When the Auckland Home Show was cancelled in September, his company alone cancelled 150 hotel beds.
"And that doesn't include the 40-odd Ubers they would be using and the several hundred meals they would have consumed."
During the last Home Show his company, which sells a wide range of products across New Zealand and Australia, took 14 booths. Typically Show TV takes part in 100 consumer events across Australasia.
Clarke questioned whether the current trustees were the right people for the role.
"Based on the fact that the judge has come back and ruled that the current lease that they've signed is unlawful, the decisions that the board has been making appear to be outside the powers of the board."

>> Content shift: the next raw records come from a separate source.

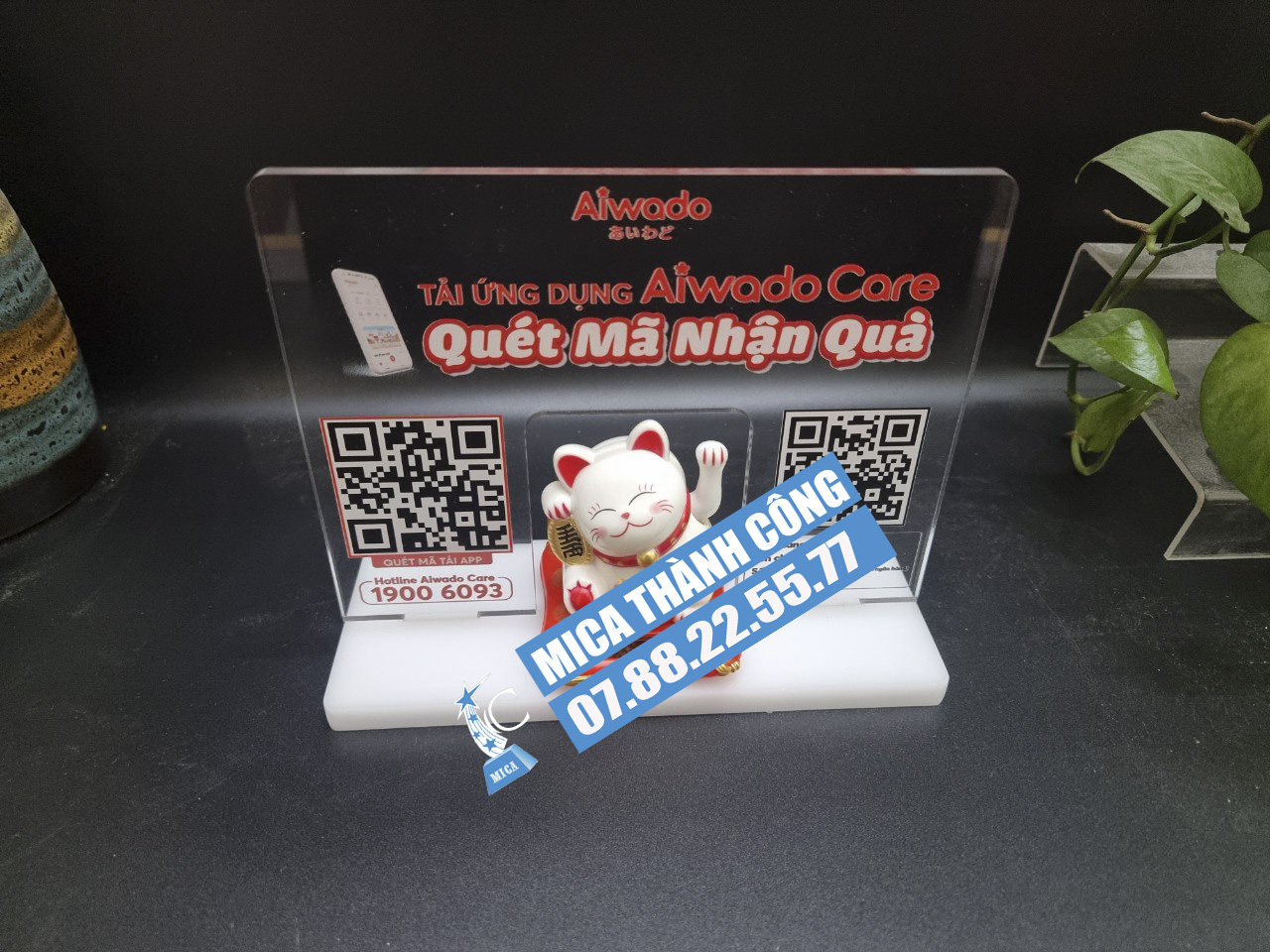Bảng quét mã QR mèo thần tài vẫy tay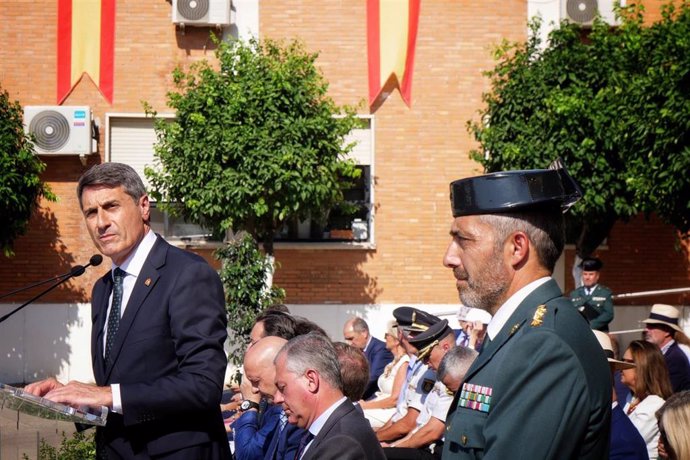 El Delegado del Gobierno en Sevilla, Pedro Fernández, durante la toma de posesión del Coronel Jefe de la Comandancia de la Guardia Civil en Sevilla, Emilio Serrano.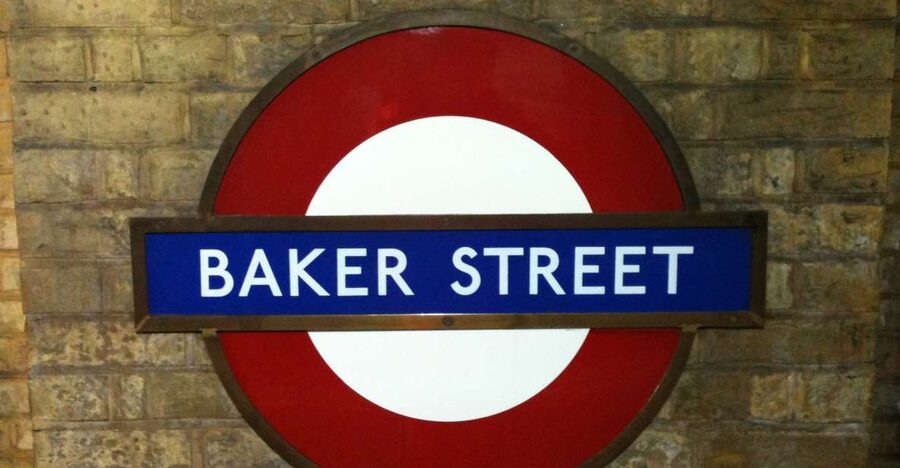 London: Sherlock Holmes Guided City Walking Tour - What the private format is worth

He wants trustees to be committed to honouring the legacy left by Sir John Logan Campbell, who donated the land for Cornwall Park and the showgrounds to the city. He describes the CPTB's attempt to change trust documents that have been in place for 120 years as "outrageous".

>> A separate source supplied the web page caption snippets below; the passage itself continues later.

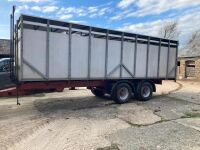 CATTLE TRAILER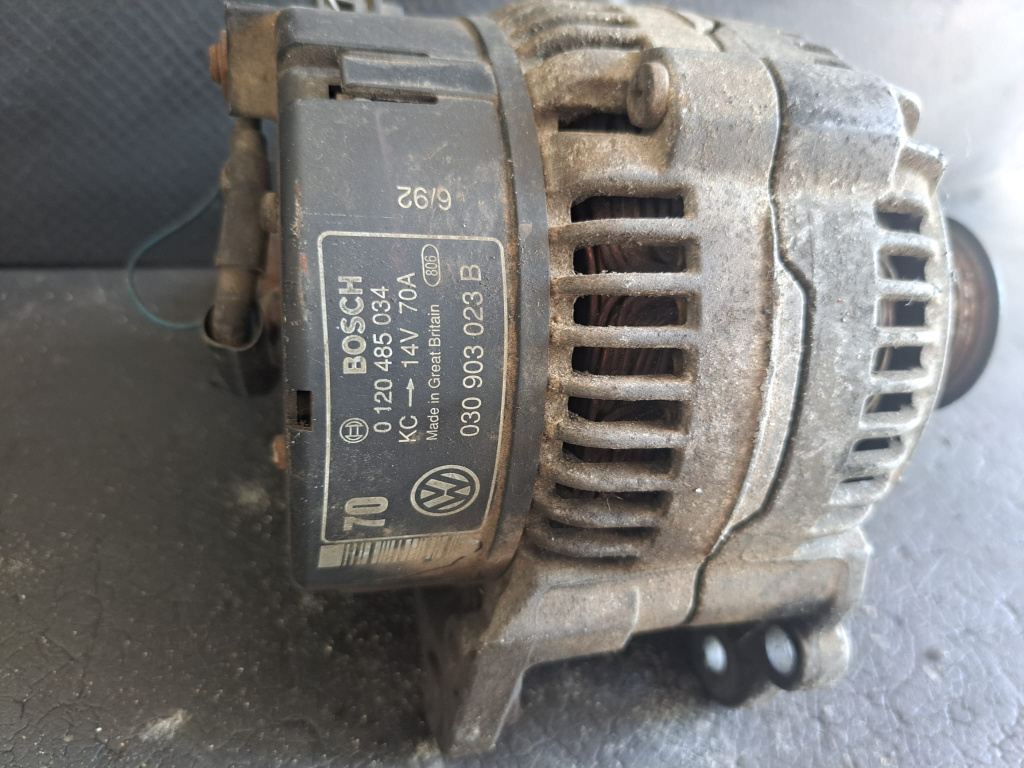 Alternator VOLKSWAGEN GOLF III BERLINA (1H1) 1.8 - COD 0120485034 - 030903023B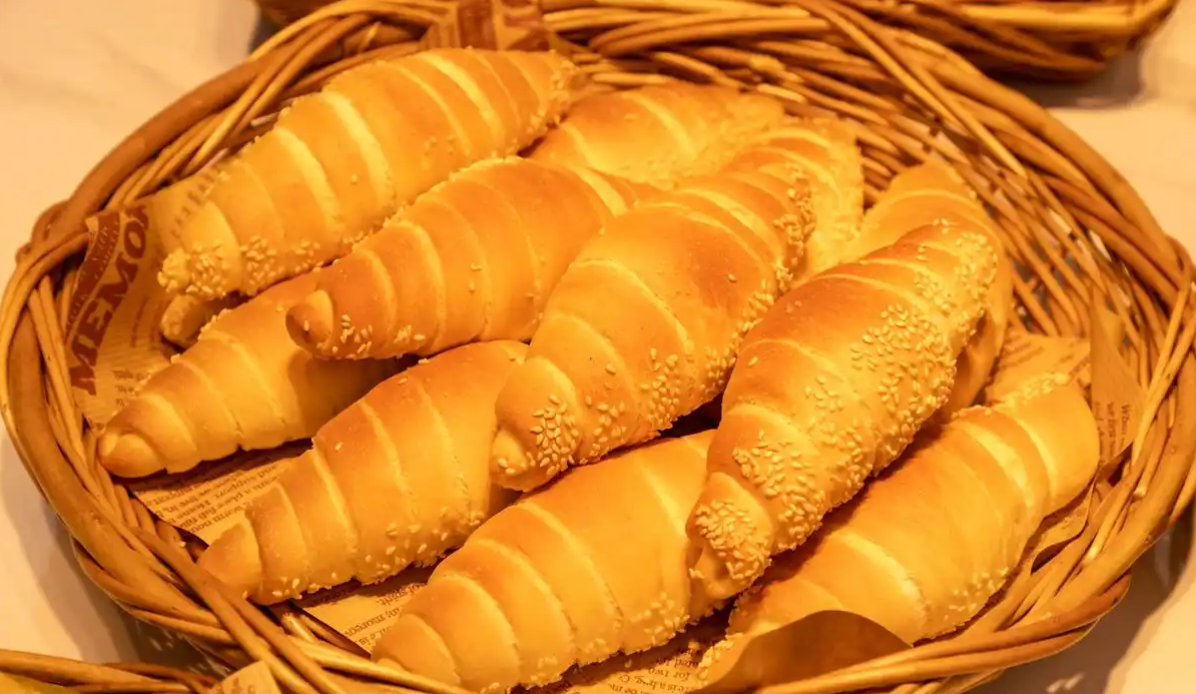 Unveiling the Multiple Effects of Sodium Hexametaphosphate as a Food Additive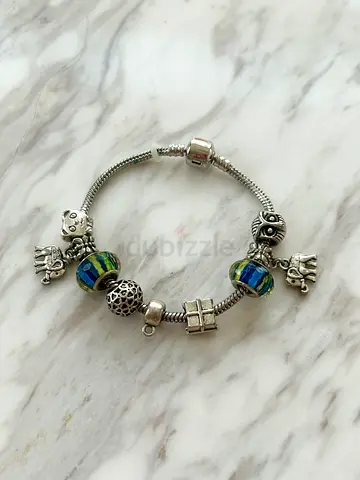 Beautiful Bracelet with charms - no brand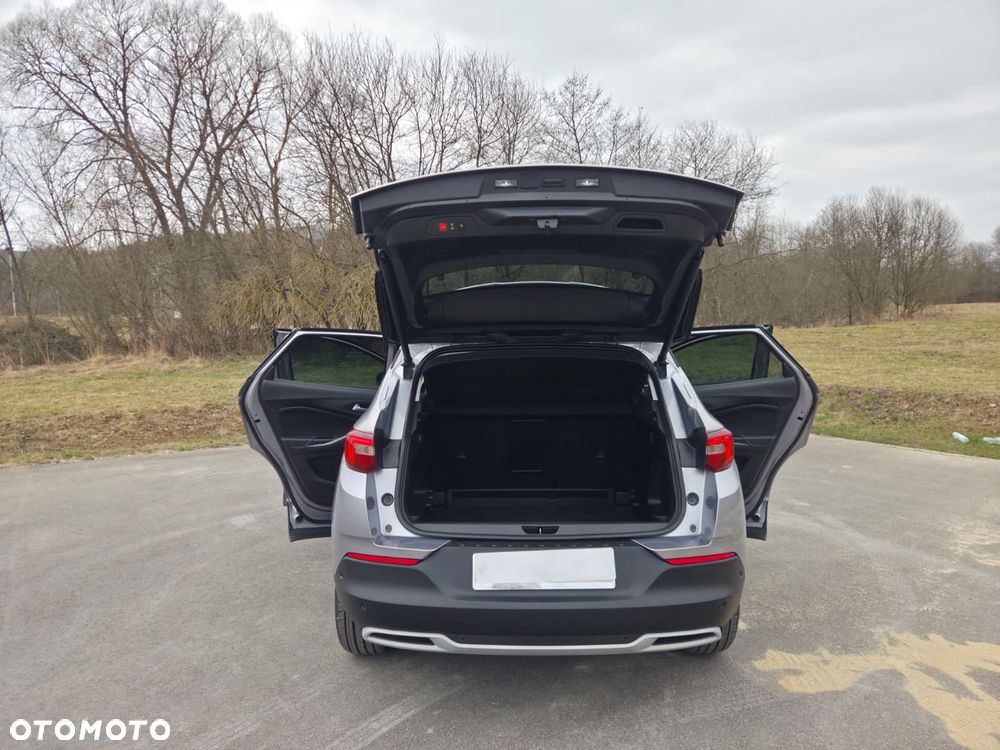 Opel Grandland X 1.6 CDTI Enjoy S&S - 24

"There are generations and generations of trustees before them that haven't required this level of insurance or protection they are now seeking."

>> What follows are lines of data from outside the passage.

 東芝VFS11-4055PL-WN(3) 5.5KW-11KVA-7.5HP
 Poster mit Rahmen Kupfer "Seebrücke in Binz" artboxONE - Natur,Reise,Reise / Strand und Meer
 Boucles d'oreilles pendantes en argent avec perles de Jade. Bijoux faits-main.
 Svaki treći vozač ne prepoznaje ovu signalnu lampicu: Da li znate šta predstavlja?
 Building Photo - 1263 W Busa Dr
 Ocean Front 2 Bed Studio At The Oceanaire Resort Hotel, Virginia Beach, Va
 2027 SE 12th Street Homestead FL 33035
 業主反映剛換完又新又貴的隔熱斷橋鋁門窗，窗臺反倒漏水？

But Reade said in a statement that having insurance for voluntary trustees overseeing a high-value asset base was standard in modern trust deeds and that the application was supported by Crown Law. The process of seeking indemnity began in April 2021 and was not related to the negotiations to lease the showgrounds.
Clarke questioned whether the insurance industry would be prepared to insure the trustees given the amount of litigation around the future of the showgrounds.
"You can't just ring an insurance company up while there's a fire burning and say 'hey I'd like to insure myself against this'."
Showgrounds' future is unknown
Meanwhile, the future of the Auckland Showgrounds is still unknown. Reade would not be drawn on plans for the site or when, or if, it would reopen for exhibitions. Nor would he say if an arrangement with a film industry was off the table.
"Several parties" had expressed interest in operating the site and the board was working hard to get a solution as soon as possible, he said. The board was focused on finding an operator who could provide a realistic commercial return at a reasonable level of risk. (The board relies on income from the showgrounds to contribute to the maintenance of Cornwall Park.)
Reade said the board would consider any viable proposal that met its legal and commercial criteria.
"We are confident we will be able to achieve a workable solution within the constraints set by Justice Peters' decision."
He did not discount reopening the showgrounds on a temporary basis while considering the best longer-term solution.
Spillane and Clarke cannot understand the board's reluctance to consider the only other tender in the proceedings, from major events supplier Coast Group. Spillane said Coast Group's proposal, which was backed by his company and others in the industry, was financially viable and offered a longer lease than that offered by Xytech. It was also the only offer on the table that complied with the 1982 act and the Auckland Unitary Plan Precinct.
As the owners of the showgrounds’ buildings, the CPTB needed to concentrate on carrying out urgent repairs to be ready for the 2023 events calendar, he said. Revenue of between $1.5 million and $2m that the board could have earned from exhibitions between June and the end of the year would have contributed significantly to those costs had the showgrounds remained open.